Thursday, November 09, 2006

Healing the Past


Only now have I begun to understand a little about what I learned from an event that happened 12 years ago.

When I came out to my parents at age 28, my mother asked my younger brother if I had ever molested him. She was so certain in her beliefs about what gay people were like that she didn’t pause to think, “Well, if Dennis is gay, then I must not understand what it means to be gay.” Instead, she held to her beliefs concerning homosexuality and questioned whether or not she knew me, her son.
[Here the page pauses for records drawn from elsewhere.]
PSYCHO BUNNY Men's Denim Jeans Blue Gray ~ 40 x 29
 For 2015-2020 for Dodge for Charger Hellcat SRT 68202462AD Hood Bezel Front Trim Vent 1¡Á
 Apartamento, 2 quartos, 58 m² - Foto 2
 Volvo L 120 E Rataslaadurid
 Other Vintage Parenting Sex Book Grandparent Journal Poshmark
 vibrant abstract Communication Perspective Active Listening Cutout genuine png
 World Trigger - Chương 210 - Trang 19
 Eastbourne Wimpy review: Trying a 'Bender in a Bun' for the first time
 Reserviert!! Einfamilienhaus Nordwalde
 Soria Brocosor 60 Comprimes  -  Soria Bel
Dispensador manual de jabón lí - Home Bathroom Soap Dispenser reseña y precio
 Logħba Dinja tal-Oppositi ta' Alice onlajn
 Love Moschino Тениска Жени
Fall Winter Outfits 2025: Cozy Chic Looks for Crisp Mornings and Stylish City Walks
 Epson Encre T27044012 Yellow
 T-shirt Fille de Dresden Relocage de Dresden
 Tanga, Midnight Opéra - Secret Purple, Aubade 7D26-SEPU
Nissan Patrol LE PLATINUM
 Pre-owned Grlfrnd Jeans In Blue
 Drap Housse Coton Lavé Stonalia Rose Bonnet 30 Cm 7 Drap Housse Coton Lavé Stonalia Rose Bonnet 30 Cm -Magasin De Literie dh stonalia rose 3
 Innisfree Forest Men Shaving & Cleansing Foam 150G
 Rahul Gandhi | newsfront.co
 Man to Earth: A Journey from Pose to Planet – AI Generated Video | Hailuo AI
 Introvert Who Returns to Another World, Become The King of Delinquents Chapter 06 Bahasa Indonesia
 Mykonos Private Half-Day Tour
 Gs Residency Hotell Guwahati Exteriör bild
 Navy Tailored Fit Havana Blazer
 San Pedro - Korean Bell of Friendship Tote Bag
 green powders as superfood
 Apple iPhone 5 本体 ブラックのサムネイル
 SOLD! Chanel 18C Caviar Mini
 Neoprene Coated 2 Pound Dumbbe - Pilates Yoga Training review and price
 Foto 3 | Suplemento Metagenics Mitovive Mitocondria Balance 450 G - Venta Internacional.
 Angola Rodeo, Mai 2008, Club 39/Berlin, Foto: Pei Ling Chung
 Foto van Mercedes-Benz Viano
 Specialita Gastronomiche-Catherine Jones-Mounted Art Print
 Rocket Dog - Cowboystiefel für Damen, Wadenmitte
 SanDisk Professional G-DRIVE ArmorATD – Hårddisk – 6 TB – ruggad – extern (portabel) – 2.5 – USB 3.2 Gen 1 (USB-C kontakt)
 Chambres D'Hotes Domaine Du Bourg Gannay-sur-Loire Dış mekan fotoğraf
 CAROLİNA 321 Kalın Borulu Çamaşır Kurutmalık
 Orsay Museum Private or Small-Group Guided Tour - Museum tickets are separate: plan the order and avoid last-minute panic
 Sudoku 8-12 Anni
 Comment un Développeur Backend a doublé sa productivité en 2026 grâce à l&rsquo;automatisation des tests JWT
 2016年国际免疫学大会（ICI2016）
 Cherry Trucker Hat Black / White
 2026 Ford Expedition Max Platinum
I’ve had no conversation with my parents in the 12 years since that incident that suggests they’ve ever been willing to question the validity of their beliefs about what it means to be gay: emotionally, physically, logically or spiritually. They hold to the belief that I am wrong, that I am created straight and must be choosing to be, or at least am deceived into thinking that I am, gay. They say that they love me, but it feels like they love their belief system even more.

That’s what it is like to come out to friends and family when they hold to their beliefs about what it means to be gay and question their beliefs about you. It makes it difficult to accept their statements that you are still loved. If they really did love you, would they not perhaps examine their beliefs about homosexuality against what they know to be true about you, rather than the other way around?

1 comment:

Anonymous said...

You make some very good points. I've often wondered why people wouldn't question their beliefs in general, when faced with contrary evidence, especially when their beliefs seem so arbitrarily accepted. I think its important to recognize these things and give yourself the propper time to mourn them and appreciate where you come from. And when you are ready, friends can help you move on and affirm yourself.